+++ EXTRACTED RECORDS +++

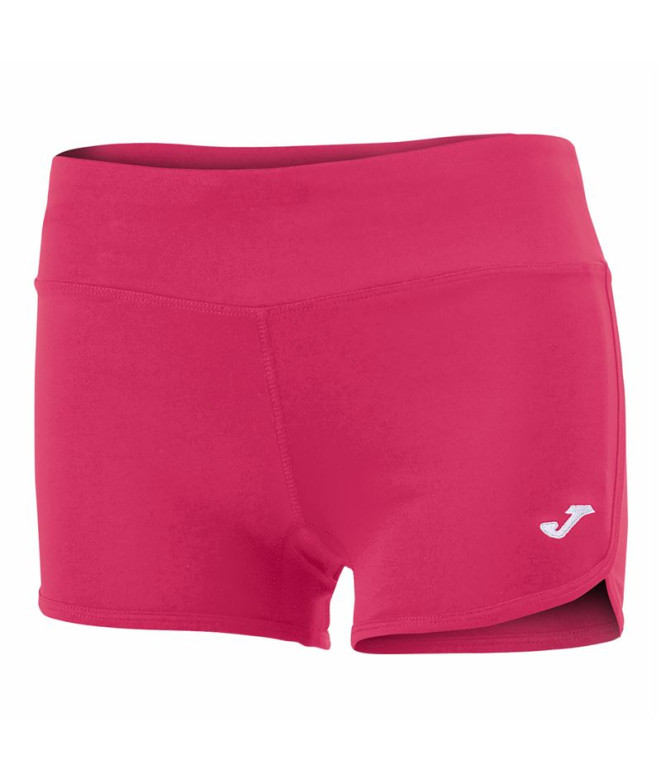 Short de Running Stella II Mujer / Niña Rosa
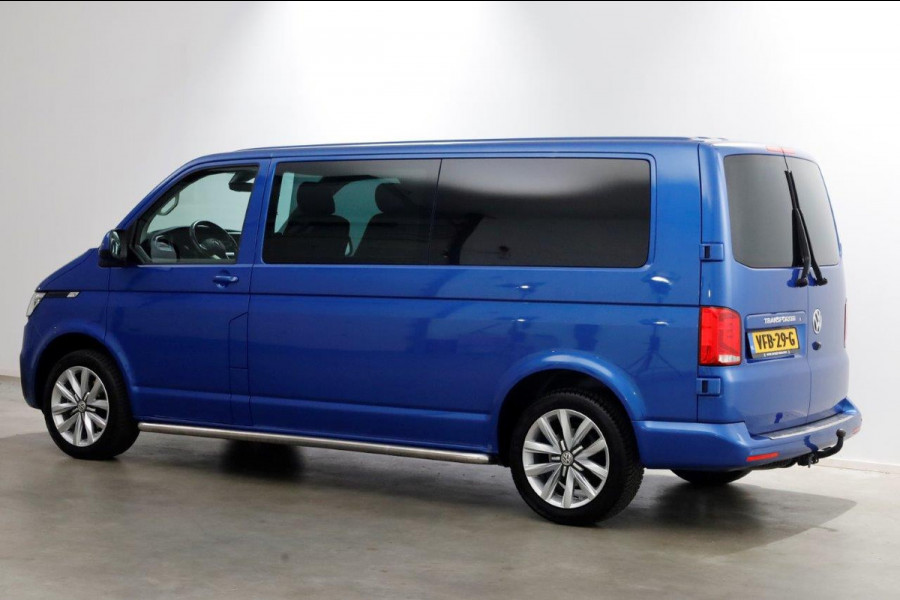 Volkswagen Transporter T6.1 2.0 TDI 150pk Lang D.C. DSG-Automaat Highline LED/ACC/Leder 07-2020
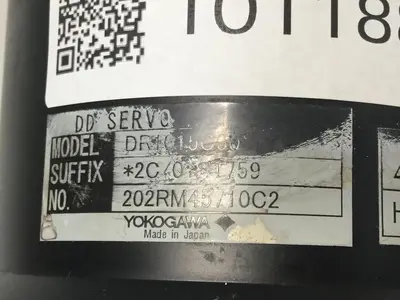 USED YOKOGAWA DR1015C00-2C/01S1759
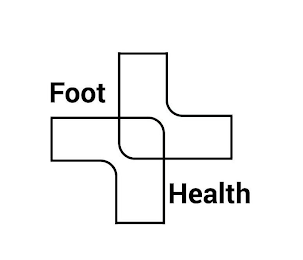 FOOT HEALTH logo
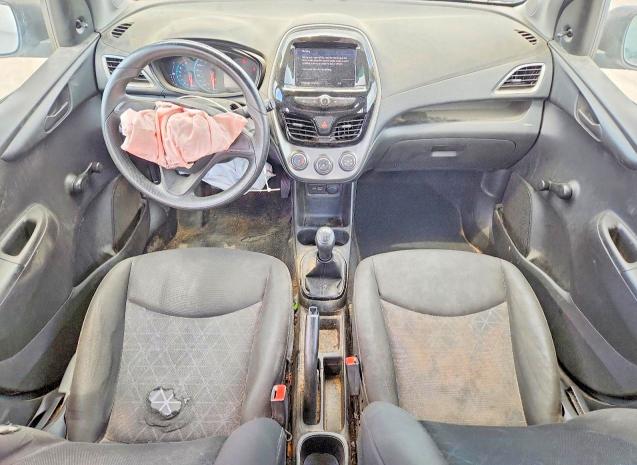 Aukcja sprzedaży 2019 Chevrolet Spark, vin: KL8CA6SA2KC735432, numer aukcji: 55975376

+++

PROMPT: Set the pictures aside and repeat only the lines from the one containing "FOOT HEALTH logo" through the last line of the entries above, exactly as they stand.

TASK OUTPUT:
 FOOT HEALTH logo
 Aukcja sprzedaży 2019 Chevrolet Spark, vin: KL8CA6SA2KC735432, numer aukcji: 55975376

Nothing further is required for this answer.